The Engineer muttered something in the off-hand, disinterested tone he'd taken to communicating with David in as he swiped the tablet, pen and pad from the piano lid and slipped it into Elizabeth's pack.

"Apparently he'd like me to accompany him to the cockpit," David quipped as Shaw lifted him from the ground.

She nodded, momentarily placing him on the lid of the piano. "I figured he would. Sorry about this, David."

"Sorry for what ex–" He paused as he immediately understood; Elizabeth had hefted his head up in both arms, cradling the side of his face against her chest in an awkward clasp. He said nothing more as she carried him up the narrow stairwell, hot on the heels of the immense Engineer ahead of her as he filled the confined space. She was certain, by this point, that his suit had scraped a thin veneer of the walls' surface off with its most solid parts.

The android simply peered up at the diminutive woman from below her chest as she patiently waited for Za'il to squeeze himself into the pilot's seat, and kept the smarmy comments she was certain he was brewing to himself as she clambered into the copilot's position. Cheeks flushing, she hurriedly set him down on her lap and rotated him toward the controls once she was settled.

The Engineer had cast her a side-glance below raised brows, briefly, before setting about powering the vessel's propulsion systems up.

"Curious," David mused quietly from his perch, "You've gone to the trouble of labelling most of the controls. Very clever."

"Question is, are they accurate?" She murmured as she subtly adjusted David's head to view more of the labels around the immense Engineer. "Doesn't help that our interface language is from a pre-industrial race, and that I wouldn't know the first thing about flying one of these things. Or flying anything, really."

David's pale eyes quickly scanned each and every paper label as the gauges below them flickered to life one-by-one. "Some of the translations are a little creative, but nonetheless, they appear largely accurate. I'm impressed, given the multiple limitations you faced."

"Understatement of the Century," she quietly huffed with a quick eye-roll. "Whoever finds this vessel in the future is going to be left scratching their heads, I'm sure."

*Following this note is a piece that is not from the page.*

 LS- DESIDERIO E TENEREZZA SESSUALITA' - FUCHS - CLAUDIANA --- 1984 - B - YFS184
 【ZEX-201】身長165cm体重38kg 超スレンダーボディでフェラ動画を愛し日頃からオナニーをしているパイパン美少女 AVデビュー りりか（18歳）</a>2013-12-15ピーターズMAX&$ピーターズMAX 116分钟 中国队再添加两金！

The Engineer interjected before David could respond to her; after a moment the beheaded android launched into a series of polite, matter-of-fact phrases in the _other_ median language available to them, pausing after each statement as Za'il fiddled with a different control, or series thereof. Before long it became clear that he was elaborating on each one, likely in some sort of useful order. With exactly none of it forming any sort of meaning to her, Shaw was left simply observing the exchange in practised silence.

With a vastly more neutral patience than he'd displayed to date, upon inspection of the last of the controls in David's lengthy instruction, the Engineer began asking – she assumed – questions about several more, and quietly waited for the talking head to elaborate. Hunched over the Human-sized console, crushed into the Human-sized seat, fingers flying over the English-based display, he ought to have been far more out of place than he currently appeared. There was little question in her mind he was born to fly; perhaps that was why he was so insistent it would take little to teach her to operate one of his own kind's vessels. To him, perhaps it _was_ trivial. He'd certainly made short work of the _Prometheus_ lifeboat, all things considered.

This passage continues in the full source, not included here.